David - Winchester, Virginia
Entered on June 30, 2008
Age Group: 30 - 50

This I believe: It is better to give than receive. It was one of my mother’s often quoted chestnuts of wisdom. But before my 28th Christmas I didn’t really understand the meaning of this adage or how it could be true. How could giving away something be better than getting something? It didn’t make sense to me.

I was working as reporter at a small, weekly newspaper in the town of Barnwell, SC when I fielded a call from a pizza shop owner in the town of Williston who had just started a food and toy drive for the town’s poor children. I was more than happy to do a story about this lady and her mission, not out of altruism but because it provided me with a seasonally relevant story that I could knock out quickly.

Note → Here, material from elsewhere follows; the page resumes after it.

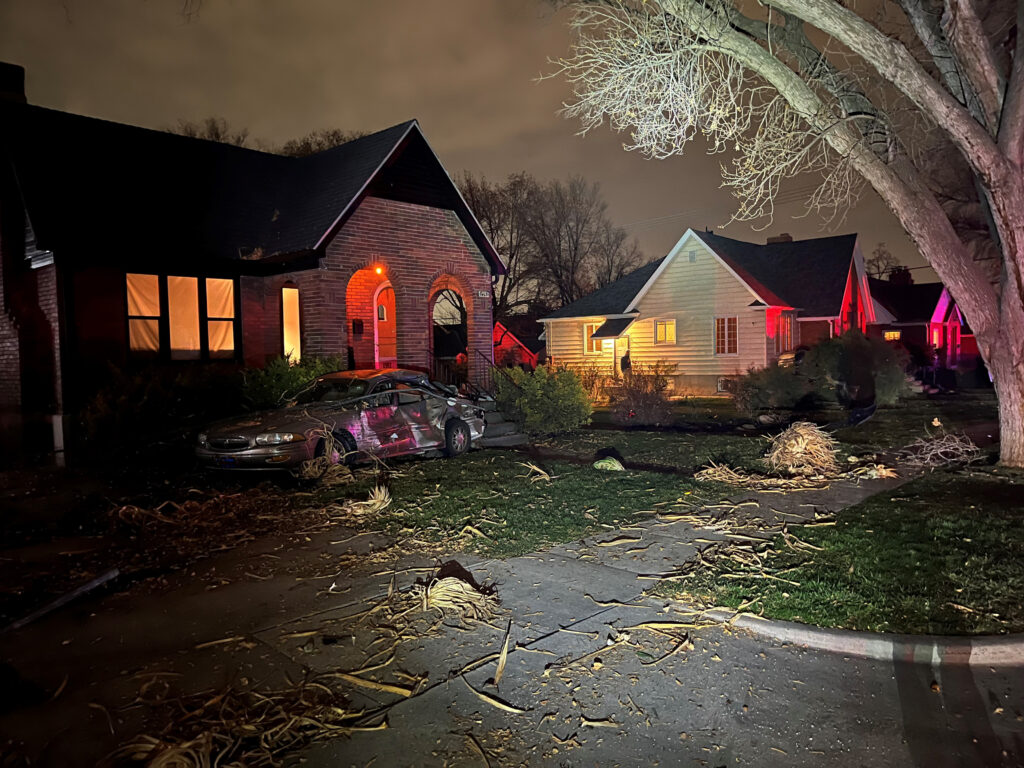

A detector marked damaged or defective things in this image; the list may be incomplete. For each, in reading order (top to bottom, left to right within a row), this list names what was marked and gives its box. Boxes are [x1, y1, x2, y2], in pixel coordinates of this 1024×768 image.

damaged car [201, 370, 489, 473]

That’s not to say that I wasn’t rooting for her to succeed. I was hoping my story could help her make Christmas brighter for those kids. A couple of months before, I had had toured the town with Iris Campbell, who was the state’s first lady at the time. Williston, for the most part, was a prosperous little town. Many of its residents worked at the Savannah River Site, a sprawling government complex that processed radioactive metals for nuclear weapons. But tucked away out of sight in this bastion of mostly upper-middle-class brick homes with well-cared-for lawns were several square blocks of the most devastating poverty that I had ever seen in this country. For some reason the hundred or so mostly black people that lived there, including numerous children, had missed out on the economic boom of the Cold War’s nuclear arms race.

The pizza shop owner, who had only been working on her charity drive for a couple of days, had only a can a ham, a Barbie and a Big Wheel to show for her efforts. I took a couple of photos and did my story, just the basics – who, what, where, when and how readers could contribute to the cause.

The pizza lady enthusiastically invited me back to her shop that day after the story ran. To my amazement it was crammed from floor to ceiling with food and brand new toys. In a few seconds upon seeing this magnificent bounty I was so overwhelmed with emotion that I started to tremble. I excused myself, got inside my car and wept tears of joy. After about 10 minutes of non-stop crying, I regained my composure, wiped the tears and snot off my face and went back inside. No gifts I had received, blessings bestowed on me or incidents of good fortune had made me feel as wonderful as I did at that moment. I was so grateful to have played a small role in the success of this charitable venture. I gave a little of myself and was rewarded with immeasurable joy.